Monday, December 04, 2006

cisc 372 class tomorrow


Hi all,
The cis 372 class tomorrow is important to attend.

You will be filling out a peer evaluation for your research project
and you need to fill one out in order to get a grade on that
project.

Also, bring your handouts that we've had since the midterm exam and
your textbook and notes. We will have a short question creation time
and then jeopardy game for reviewing for the exam.

There is one presentation tomorrow also.
So, make sure you attend.

Prizes will be given.

Lori

Thursday, November 30, 2006

Project Deliverable 2 Feedback


Overall, everyone did a nice job on the projects. Sometimes, the code was
not complete (e.g., lacked timing statements) or failed on certain inputs,
so you lost points. Since everyone's project was different, it was very
important that your code was clearly documented. The projects may have
changed since deliverable 1, and I needed to know what problems there were
and what the programs' limitations were.

I commented on the timing methodology on a lot of projects. Make sure
that you are using a fair and consistent timing methodology and describe
your methodology in your final report. Justify any decisions you make and
explain what the effect (if any) your decision will have on the timing
results.

Good luck on the rest of the project!

Sara

Tuesday, November 21, 2006

UD CISC 372 Parallel Programming

Final Exam for this course - December 12, 10:30-12:30 regular classroom

Thursday, November 16, 2006

Lab 4 Example


I posted a good example solution to Lab 4 on my web page for this class:
http://www.cis.udel.edu/~sprenkle/acad/cisc372/

Sara

Friday, November 03, 2006

SIGSEGV Errors


I know some people have had trouble with SIGSEGV errors and they didn't
know what the problem was. I found information about the error on this
site:
http://www-unix.mcs.anl.gov/mpi/mpich1/docs/mpichman-chshmem/node106.htm

If your program fails with
p4_error: interrupt SIGSEGV
the problem is probably not with MPI. Instead, check for program bugs including

1. Array overwrites or accesses beyond array bounds. Be particularly
careful of a[size] in C, where a is declared as int a[size].
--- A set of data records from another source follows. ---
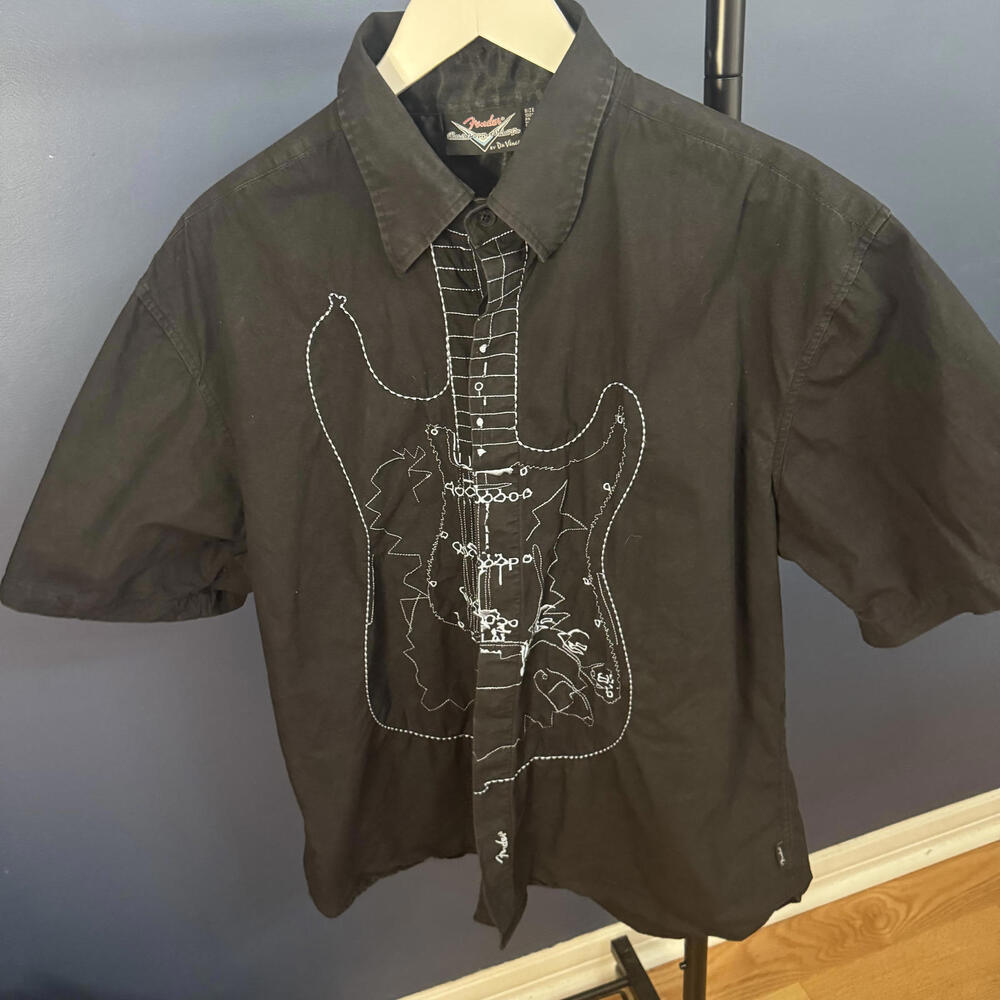 Fender Guitar, Short Sleeve Button Up Shirt, Black, Mens XL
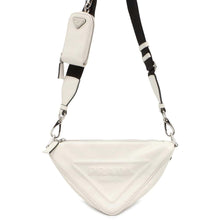 将图像加载到图库查看器中，PRADA Logo embossed triangle shoulder bag White 1BH190 Leather
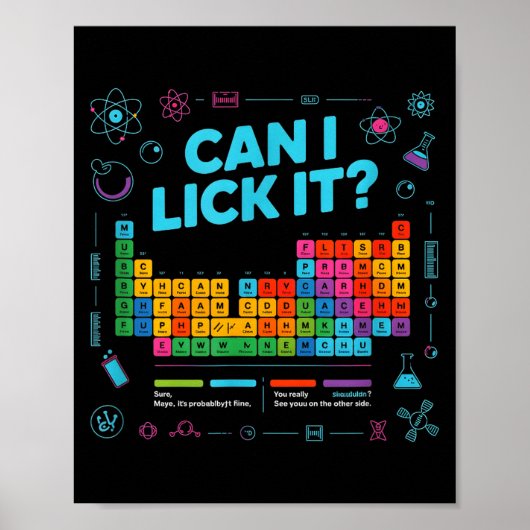 Can I Lick It Tee Funny Periodic Table Teacher Coo ポスター (正面)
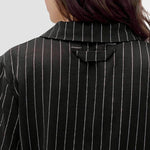 Rita Row Espill shirt in black with white pinstripe back view showing collar and yoke detail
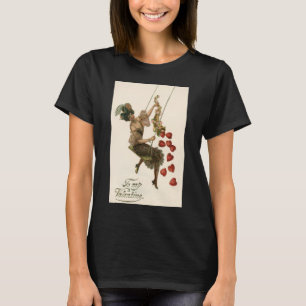 Vintager Valentinstag, Viktorianische Lady auf Swi T-Shirt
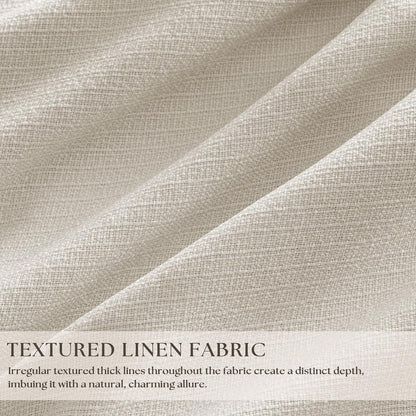 Skiennix 100% Blackout Linen Curtains - 96 Inch Length | Light Blocking Dual Layer Drapes in Cream Ivory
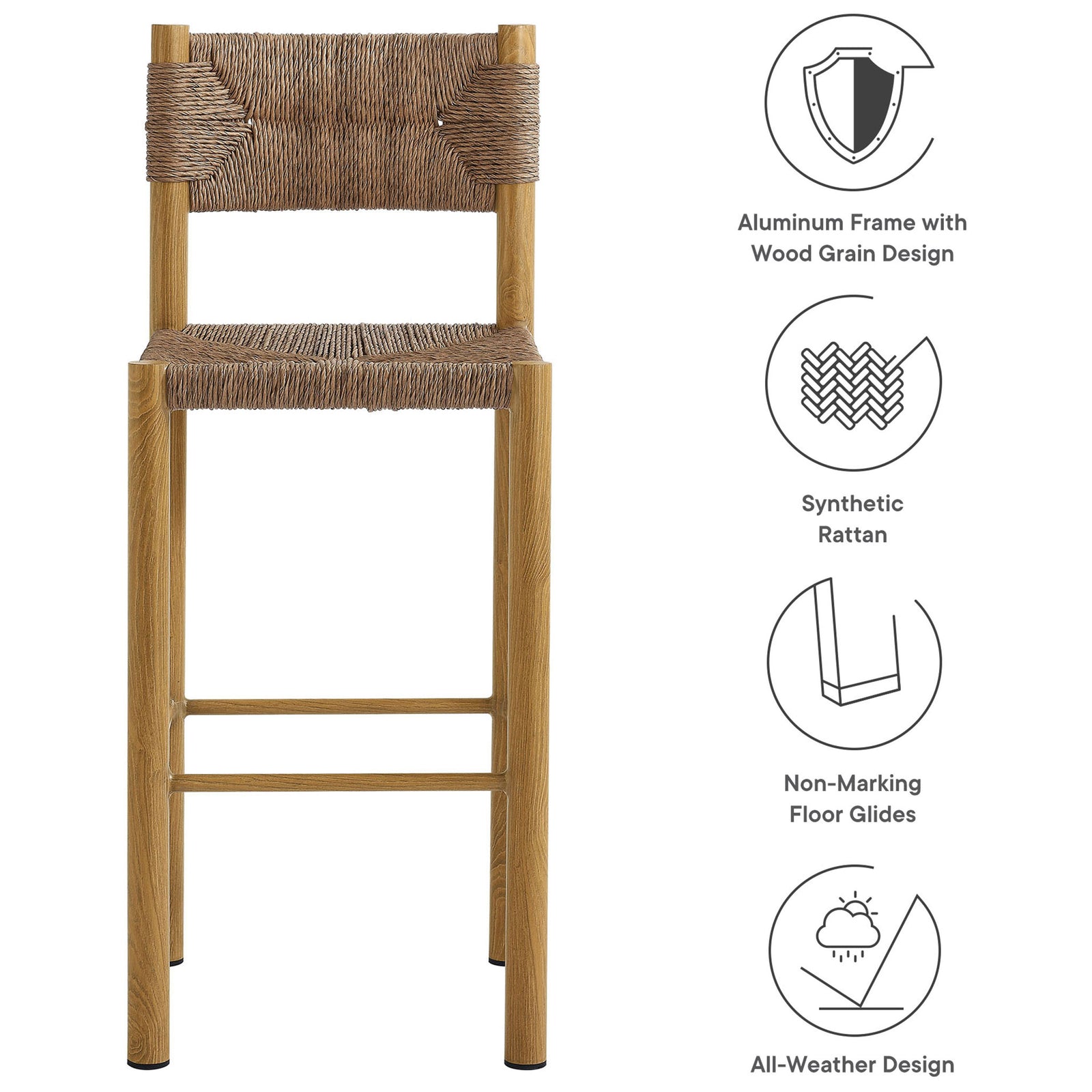 Feature graphic for bar stool highlights aluminum frame, synthetic rattan, all-weather build, and floor glides || EEI-6984-NAT || callout_studio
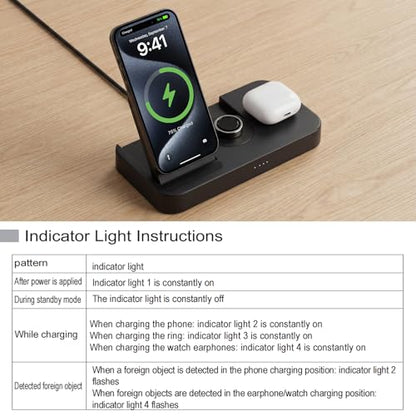 4 in 1 Charging Station for Oura Ring Gen 3 Charger (Oura Ring Charger NOT Included), 15W Fast Magnetic Charger for iPhone, Apple Watch, AirPods, Wireless Charger for Samsung Galaxy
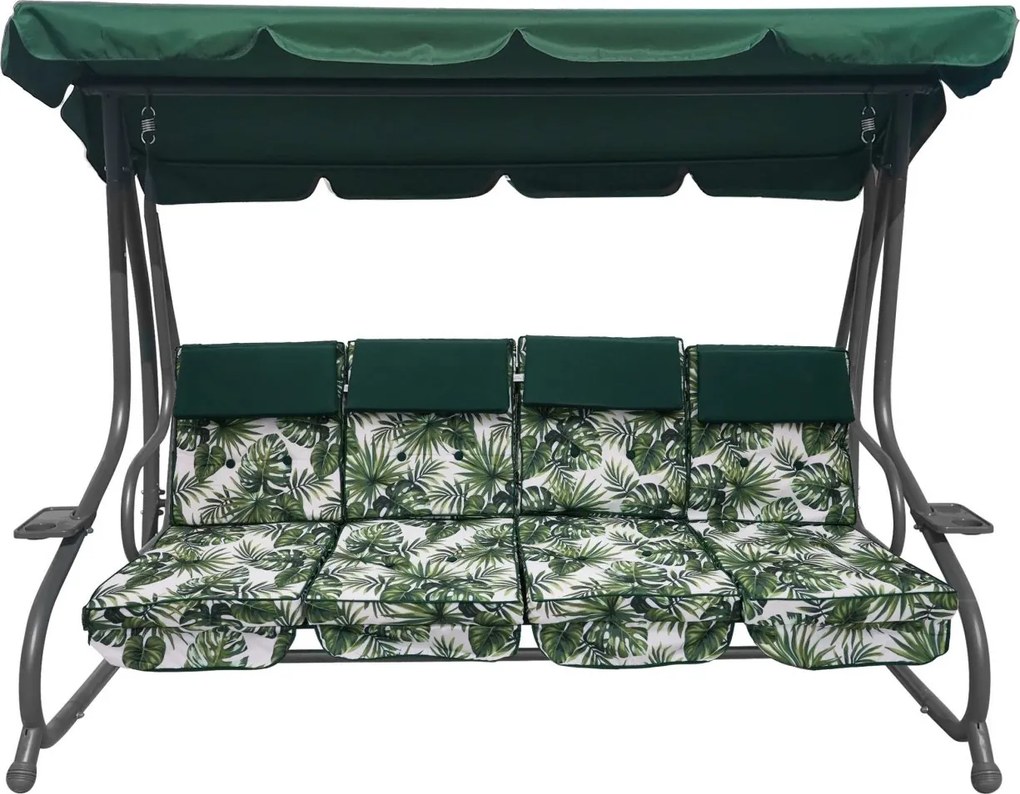 RAMIZ Veľká záhradná hojdačka so strieškou a vankúšmi 2x1 listy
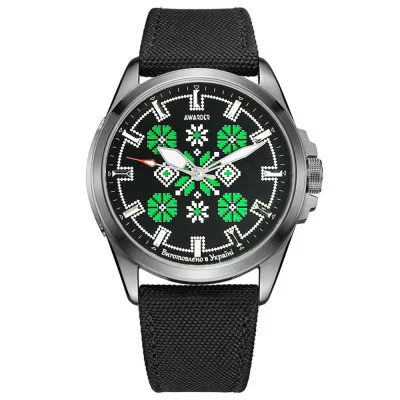 Патриотические наручные часы Awarder Embroidery Silver-Green Black Battery 10ATM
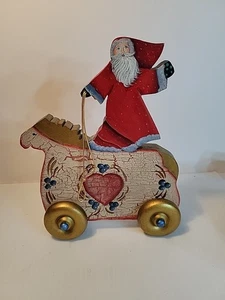 Wooden Santa Claus on  Horse Red Heart Gold Wheels  Christmas Figural Decoration - Picture 1 of 7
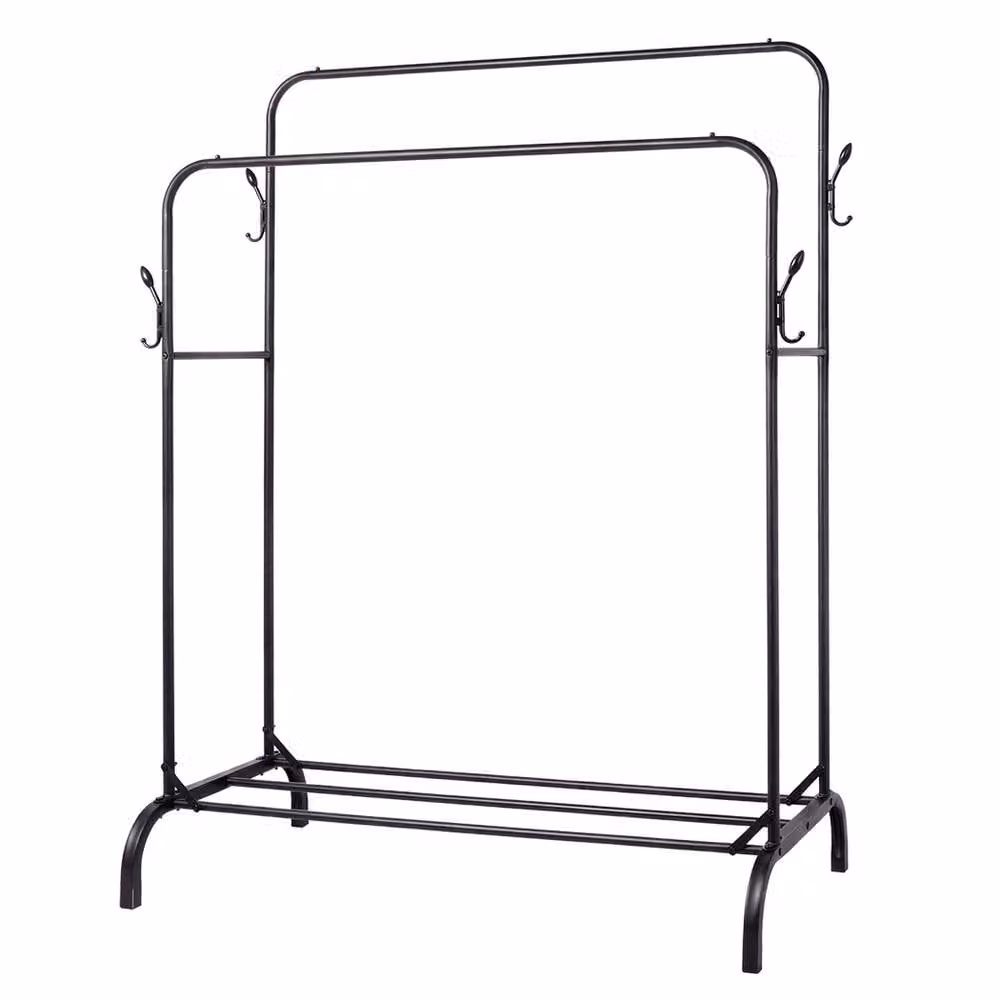 Levede Heavy Duty Carbon Steel Clothes Rail with 2 Rods and Shelf in Matt Black – 2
2. Invalid pointers, including null pointers.

3. Missing or mismatched parameters to subroutines or functions.

Sara

Monday, October 30, 2006

Execution Scripts

Hi,

I reviewing the labs, and some (but not all of you) submitted a script
that demonstrated your code's execution. If you have not already done so,
please submit a script (on paper or via email) that demonstrates your code
executing on at least 4 processors. Run your code several times so that
you cover all "interesting" test cases, e.g., when the query word is in
the dictionary and when the query word is not.

Thanks,
Sara

Friday, October 27, 2006

one more question and answer


Question: Does it have to run with 1 process?

Answer: No, I am changing the spec as I said in class
the other day and saying you do NOT have to run it on
one process. You can assume at least one manager and one worker.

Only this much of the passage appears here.